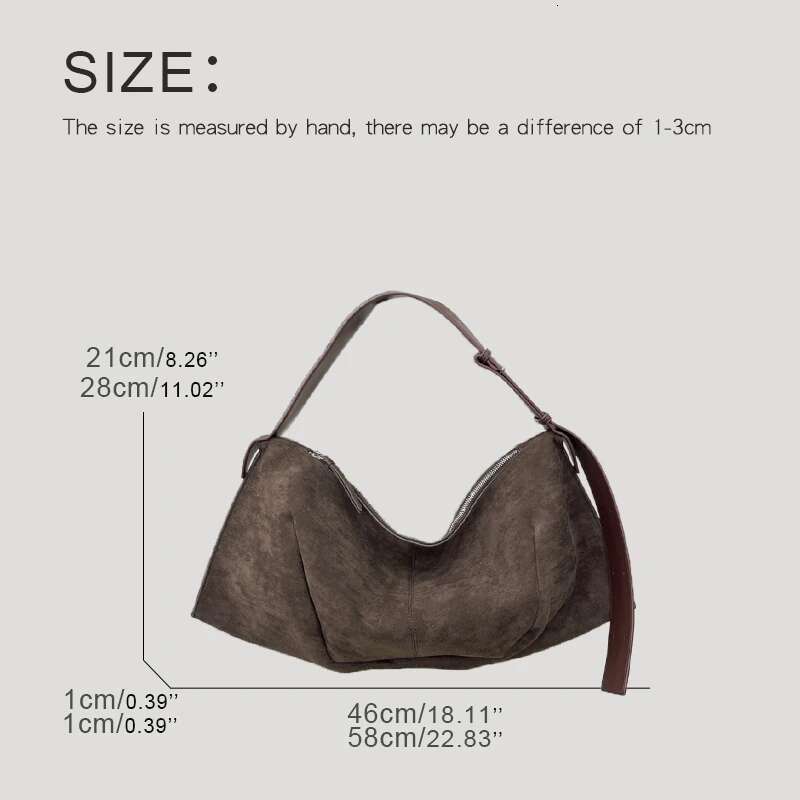Vintage Faux Suede Slim Tote Bags For Women Designer Handbags And Purses New In Large Capacity Underarm Shoulder Bag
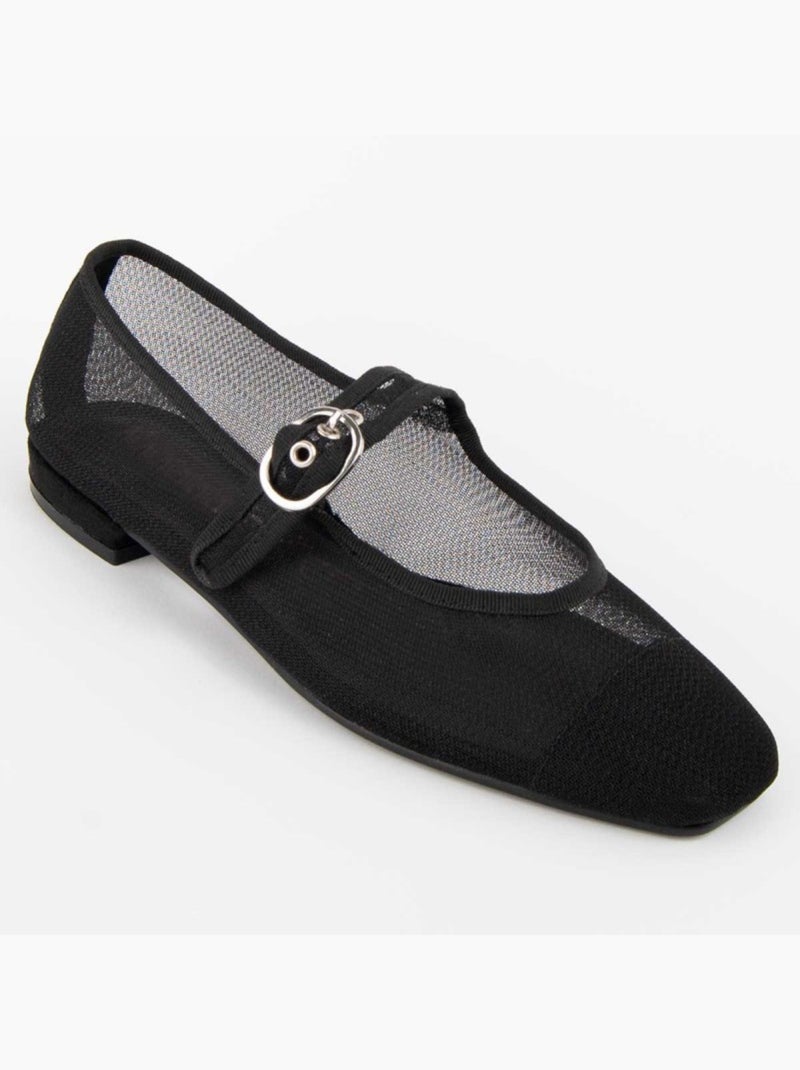 Bailarina Casual Sintetico Montevita Negro - Kiabi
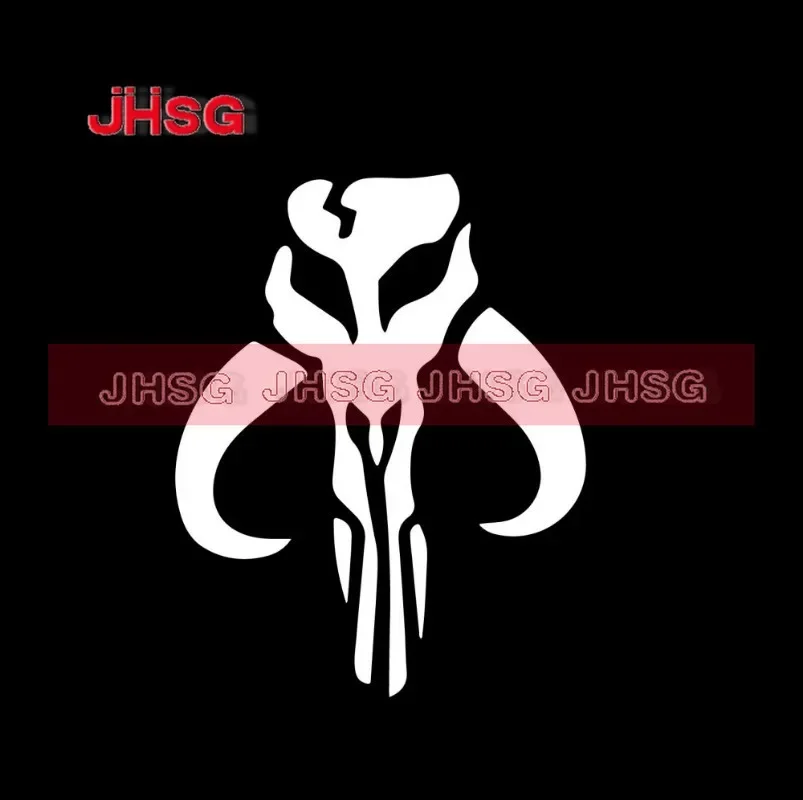 

Интересная модная наклейка в виде черепа Мандалора Боба Фетта для автомобиля мотоцикла шлема Аксессуары для ноутбука наклейка из ПВХ процесс резьбы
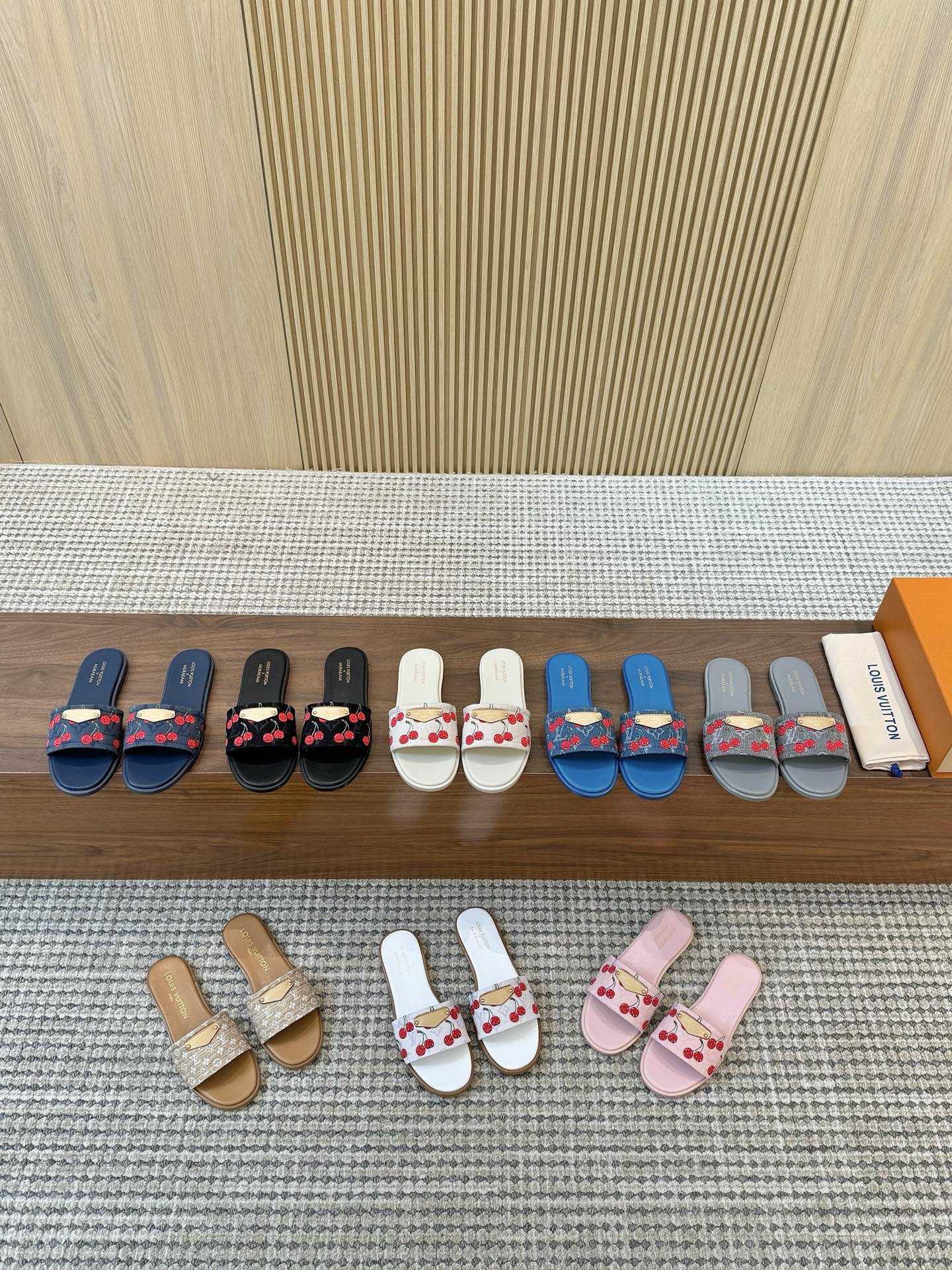 Louis Vuitton Elegance Strappy Leather Slides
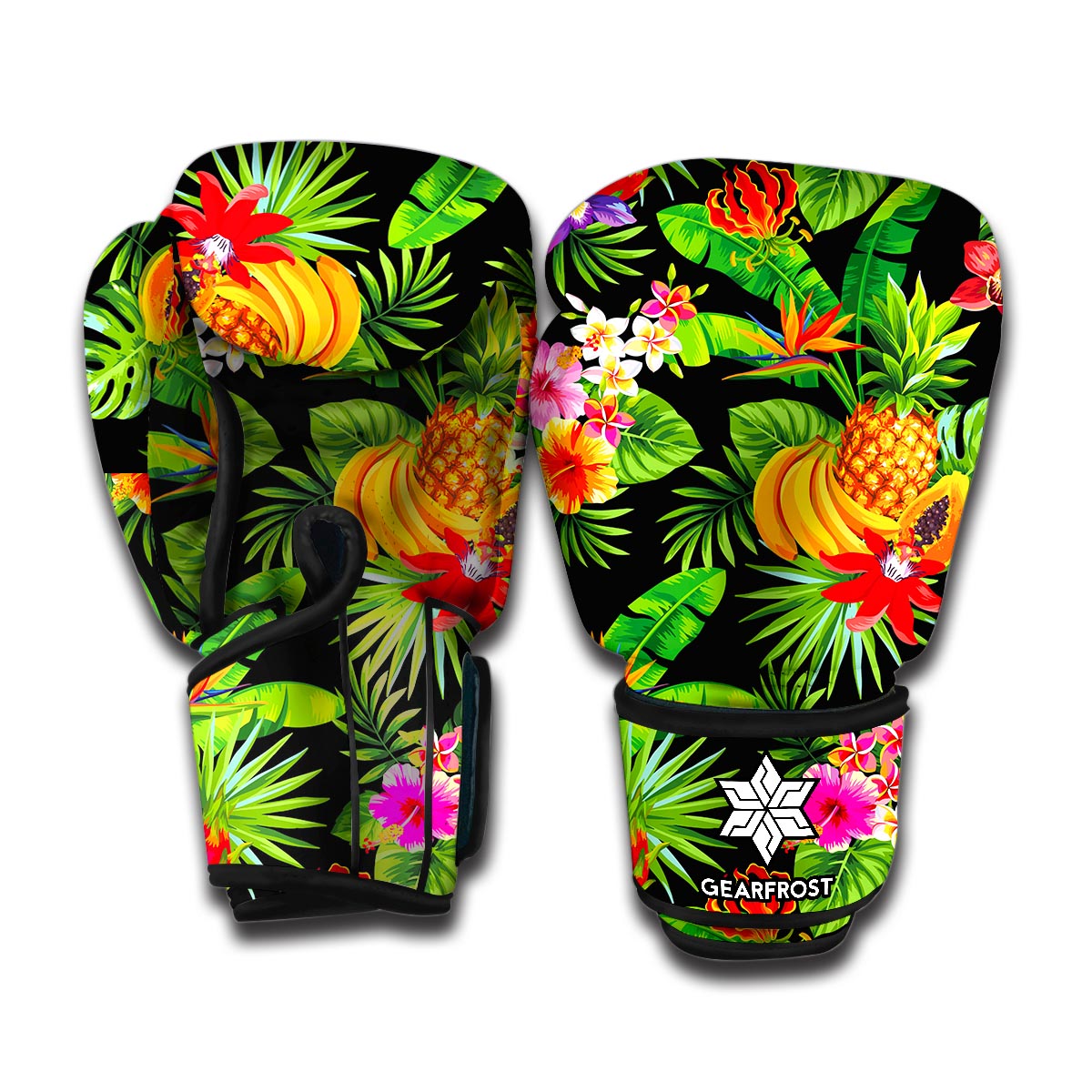 Tropical Hawaiian Fruits Pattern Print Boxing Gloves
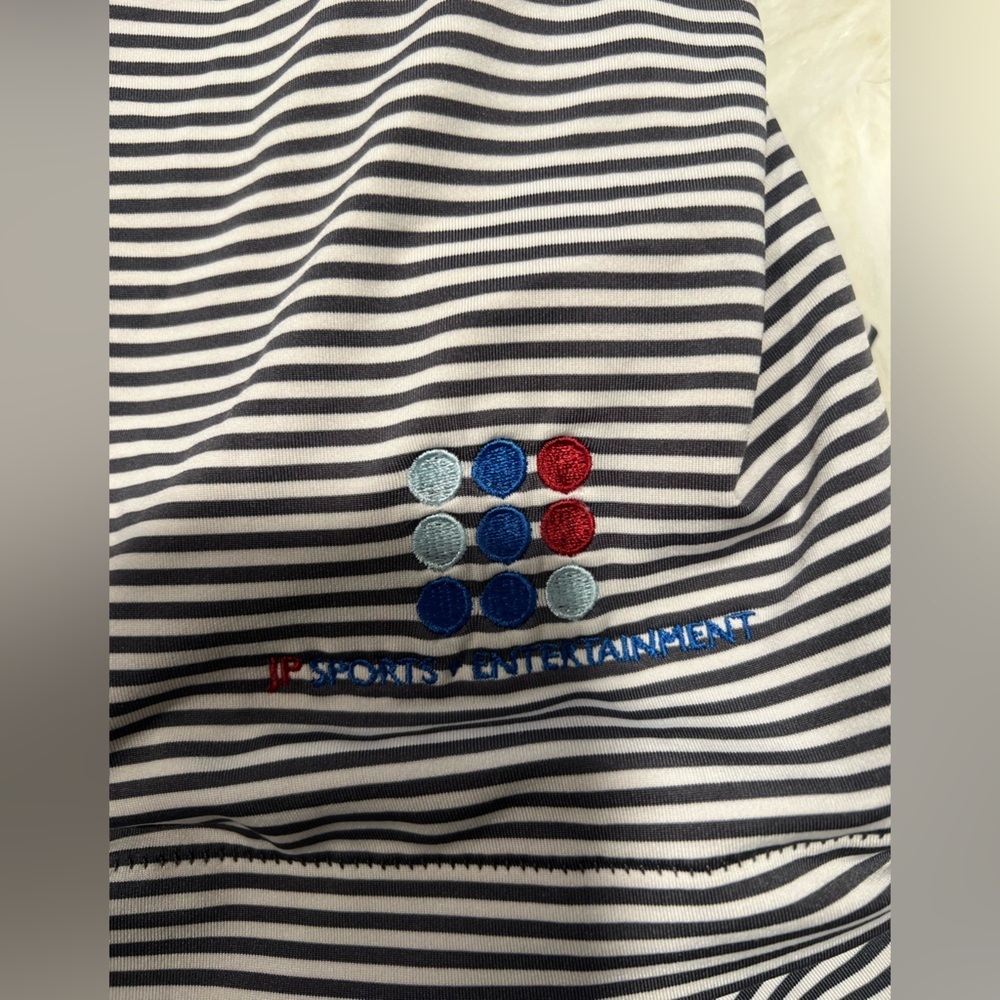 Peter Millar Summer comfort polo size Large striped EUC - Picture 8 of 8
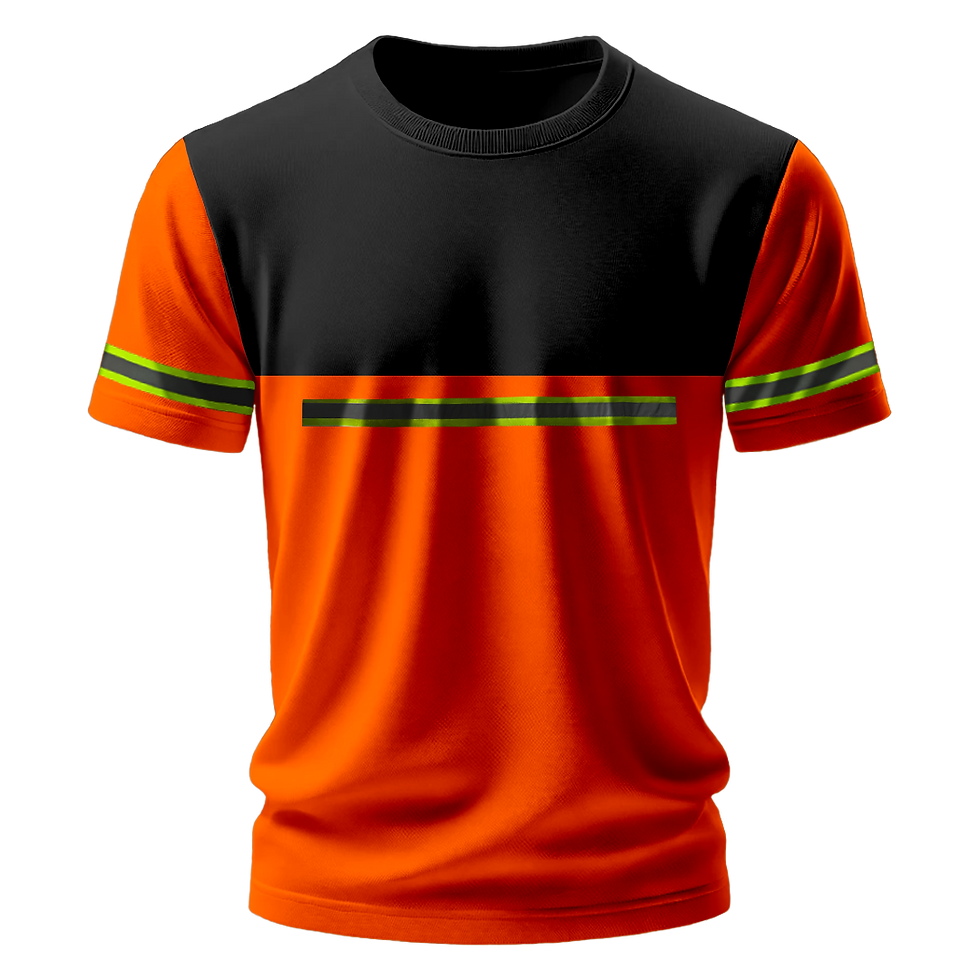Küçük resim: Nazar Siyah Garni Reflektörlü Bisiklet Yaka T-Shirt (1415)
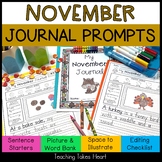 Primary Writing Journal Prompts | November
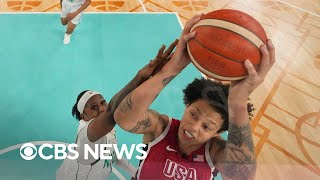 Team USA womens basketball reaches Paris Olympic semifinals [upl. by Aliekat]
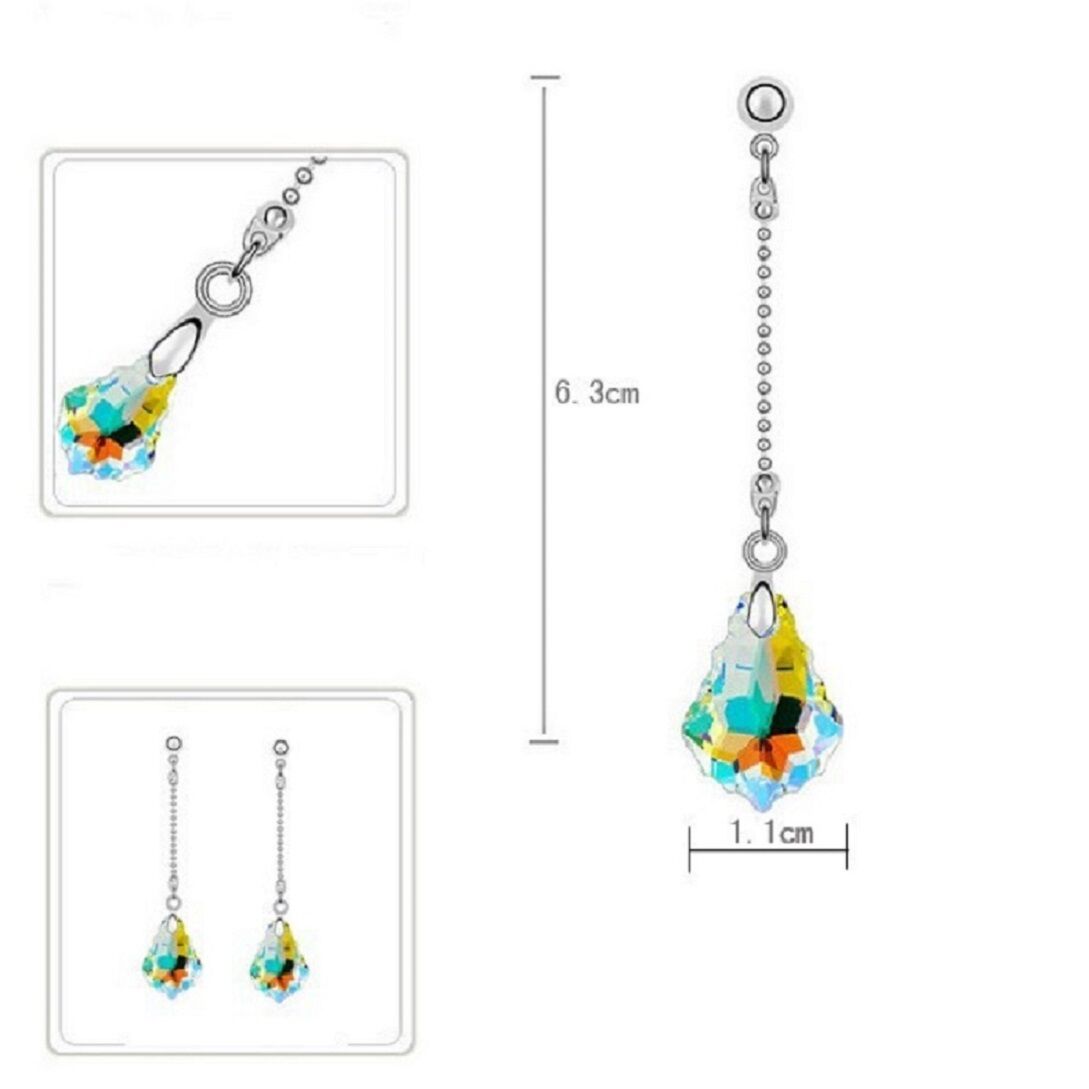 Tropfenförmige Kristallhalskette Anhänger & Ohrring Sets | Shop Nory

## [The task]
The answer should contain only the lines from the one with "Louis Vuitton Elegance" through the last line of the material, given word for word and without pictures.

## [Problem solution]
 Louis Vuitton Elegance Strappy Leather Slides
 Tropical Hawaiian Fruits Pattern Print Boxing Gloves
 Peter Millar Summer comfort polo size Large striped EUC - Picture 8 of 8
Küçük resim: Nazar Siyah Garni Reflektörlü Bisiklet Yaka T-Shirt (1415)
 Primary Writing Journal Prompts | November
 Team USA womens basketball reaches Paris Olympic semifinals [upl. by Aliekat]
 Tropfenförmige Kristallhalskette Anhänger & Ohrring Sets | Shop Nory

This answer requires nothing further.